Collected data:
#####

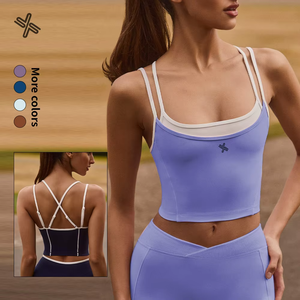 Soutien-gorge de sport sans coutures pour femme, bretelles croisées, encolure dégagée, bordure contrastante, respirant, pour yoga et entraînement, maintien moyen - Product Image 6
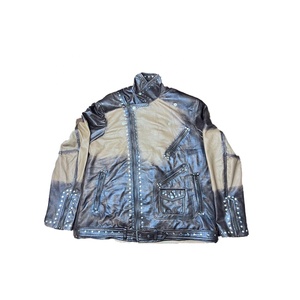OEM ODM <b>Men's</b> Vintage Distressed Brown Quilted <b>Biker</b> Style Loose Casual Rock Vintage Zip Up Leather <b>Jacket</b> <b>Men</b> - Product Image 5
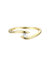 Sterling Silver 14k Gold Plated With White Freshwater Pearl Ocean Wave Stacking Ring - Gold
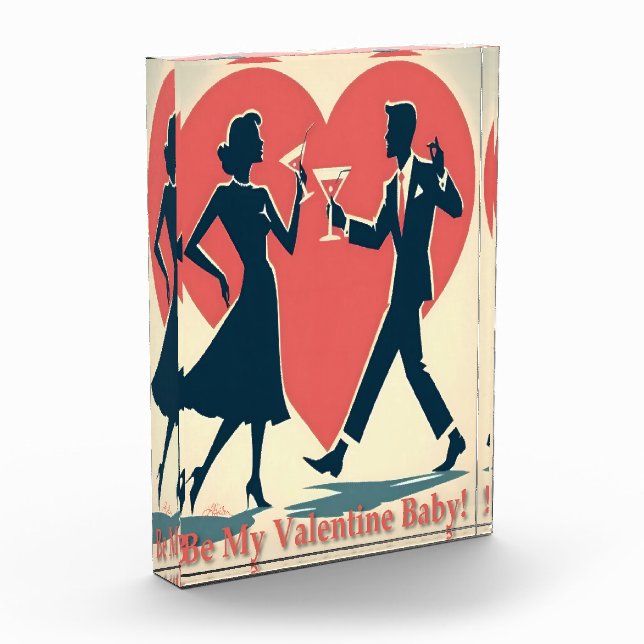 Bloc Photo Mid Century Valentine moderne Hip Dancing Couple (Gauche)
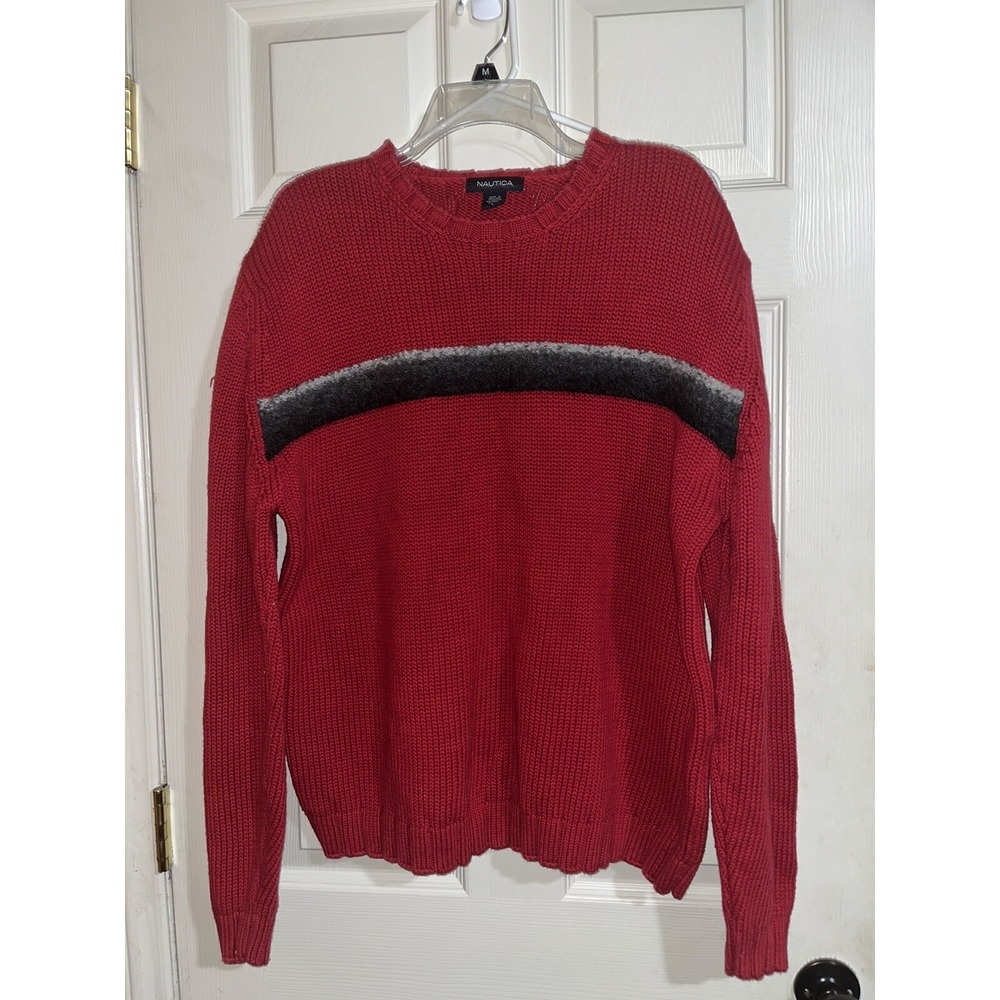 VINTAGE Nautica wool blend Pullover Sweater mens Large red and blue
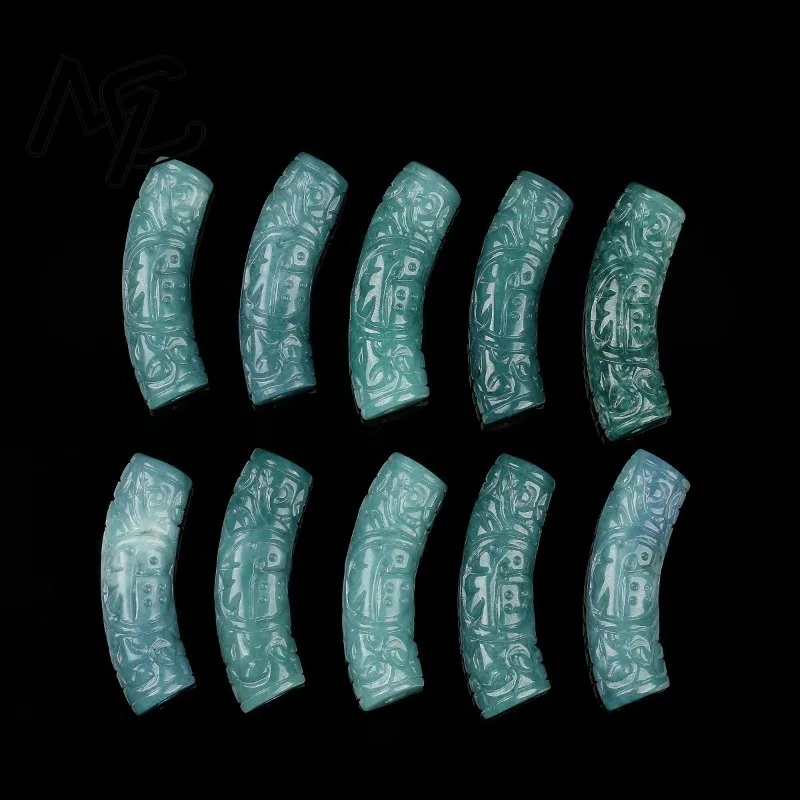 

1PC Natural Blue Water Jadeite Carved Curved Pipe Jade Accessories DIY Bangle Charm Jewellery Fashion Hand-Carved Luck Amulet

#####

WHAT THIS TASK INVOLVES: What are the lines from the one containing "VINTAGE Nautica wool" through the end of the records? Write them out exactly, leaving out the pictures.

SOLUTION:
 VINTAGE Nautica wool blend Pullover Sweater mens Large red and blue

1PC Natural Blue Water Jadeite Carved Curved Pipe Jade Accessories DIY Bangle Charm Jewellery Fashion Hand-Carved Luck Amulet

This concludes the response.